Popularity Analysis
===================

The analysis is performed based on an Excel spreadsheet available in the repository. This spreadsheet takes the raw data contained in the :ref:`popularityCSV` and makes statistics on them.

*****************
Spreadsheet setup
*****************

For some obscure reason, the spreadsheet needs a bit of manual actions.

You first need to manually copy all the data from the popularity.csv file to the "Popularity data" tab of the spreadsheet, starting line 2. You can then extend the "Popularity Formulas" tab to the same number of lines.

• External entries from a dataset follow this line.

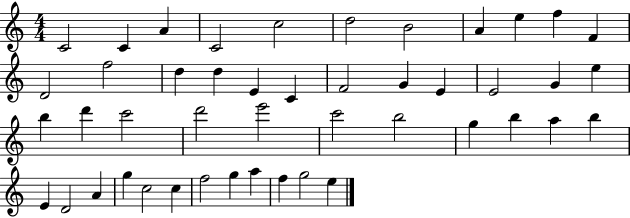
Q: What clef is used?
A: treble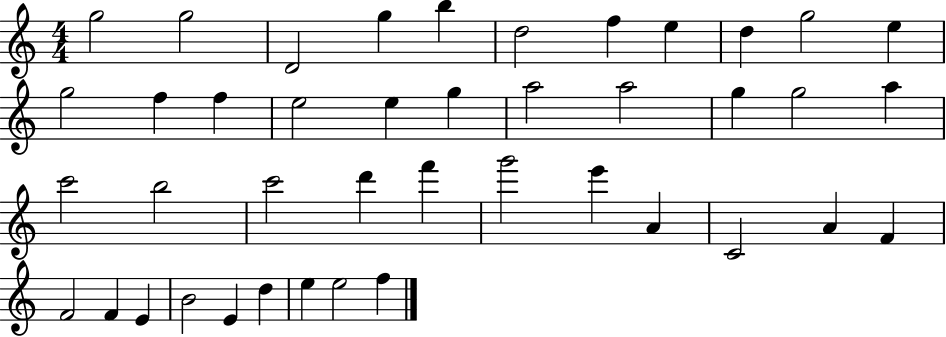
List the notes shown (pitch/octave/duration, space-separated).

G5/h G5/h D4/h G5/q B5/q D5/h F5/q E5/q D5/q G5/h E5/q G5/h F5/q F5/q E5/h E5/q G5/q A5/h A5/h G5/q G5/h A5/q C6/h B5/h C6/h D6/q F6/q G6/h E6/q A4/q C4/h A4/q F4/q F4/h F4/q E4/q B4/h E4/q D5/q E5/q E5/h F5/q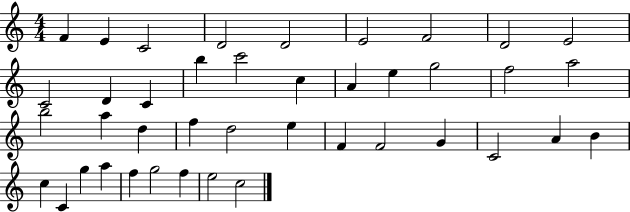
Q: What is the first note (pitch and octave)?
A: F4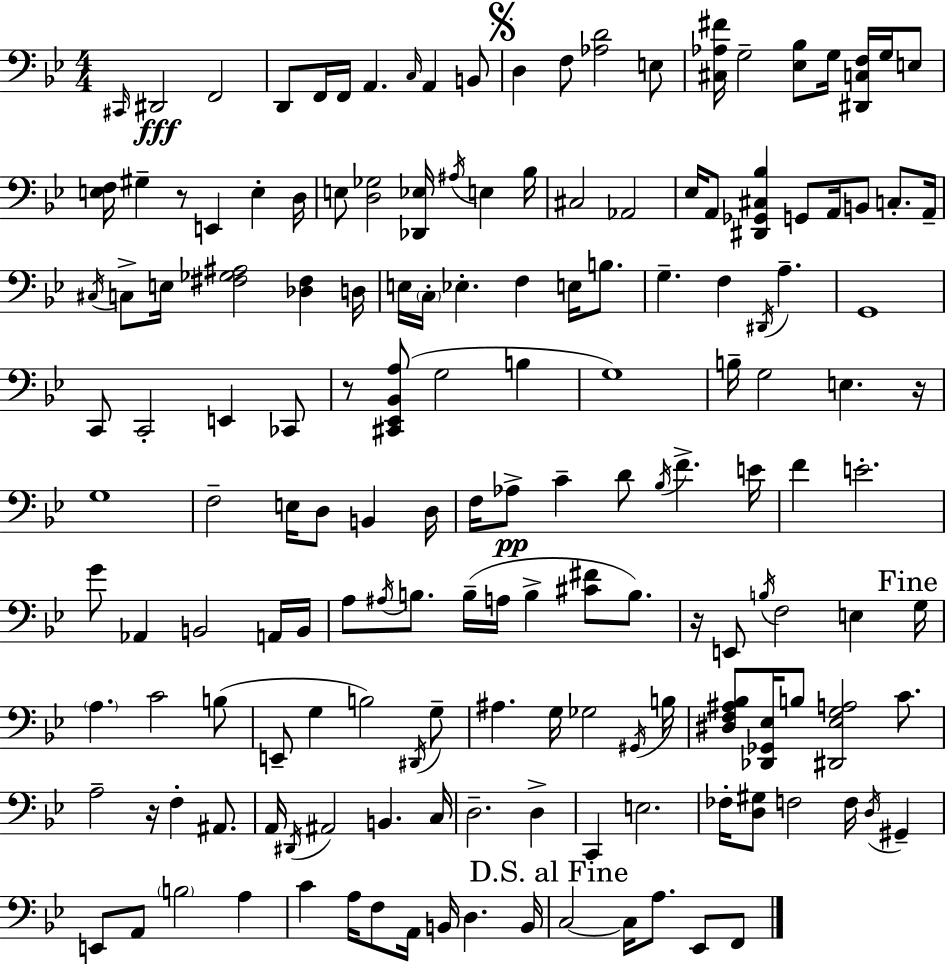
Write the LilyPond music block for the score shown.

{
  \clef bass
  \numericTimeSignature
  \time 4/4
  \key bes \major
  \grace { cis,16 }\fff dis,2 f,2 | d,8 f,16 f,16 a,4. \grace { c16 } a,4 | b,8 \mark \markup { \musicglyph "scripts.segno" } d4 f8 <aes d'>2 | e8 <cis aes fis'>16 g2-- <ees bes>8 g16 <dis, c f>16 g16 | \break e8 <e f>16 gis4-- r8 e,4 e4-. | d16 e8 <d ges>2 <des, ees>16 \acciaccatura { ais16 } e4 | bes16 cis2 aes,2 | ees16 a,8 <dis, ges, cis bes>4 g,8 a,16 b,8 c8.-. | \break a,16-- \acciaccatura { cis16 } c8-> e16 <fis ges ais>2 <des fis>4 | d16 e16 \parenthesize c16-. ees4.-. f4 | e16 b8. g4.-- f4 \acciaccatura { dis,16 } a4.-- | g,1 | \break c,8 c,2-. e,4 | ces,8 r8 <cis, ees, bes, a>8( g2 | b4 g1) | b16-- g2 e4. | \break r16 g1 | f2-- e16 d8 | b,4 d16 f16 aes8->\pp c'4-- d'8 \acciaccatura { bes16 } f'4.-> | e'16 f'4 e'2.-. | \break g'8 aes,4 b,2 | a,16 b,16 a8 \acciaccatura { ais16 } b8. b16--( a16 b4-> | <cis' fis'>8 b8.) r16 e,8 \acciaccatura { b16 } f2 | e4 \mark "Fine" g16 \parenthesize a4. c'2 | \break b8( e,8-- g4 b2) | \acciaccatura { dis,16 } g8-- ais4. g16 | ges2 \acciaccatura { gis,16 } b16 <dis f ais bes>8 <des, ges, ees>16 b8 <dis, ees g a>2 | c'8. a2-- | \break r16 f4-. ais,8. a,16 \acciaccatura { dis,16 } ais,2 | b,4. c16 d2.-- | d4-> c,4 e2. | fes16-. <d gis>8 f2 | \break f16 \acciaccatura { d16 } gis,4-- e,8 a,8 | \parenthesize b2 a4 c'4 | a16 f8 a,16 b,16 d4. b,16 \mark "D.S. al Fine" c2~~ | c16 a8. ees,8 f,8 \bar "|."
}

It would be nice if Excel was doing that automatically, but...

*******************
Spreadsheet content
*******************

The spreadsheet is divided into several tabs.

Popularity Data
***************

Just a copy paste of the popularity.csv

Dataset statistics
******************

The dataset statistics tab is a frequency table. The first column is the bin size, while all the others are the values inside the given bin.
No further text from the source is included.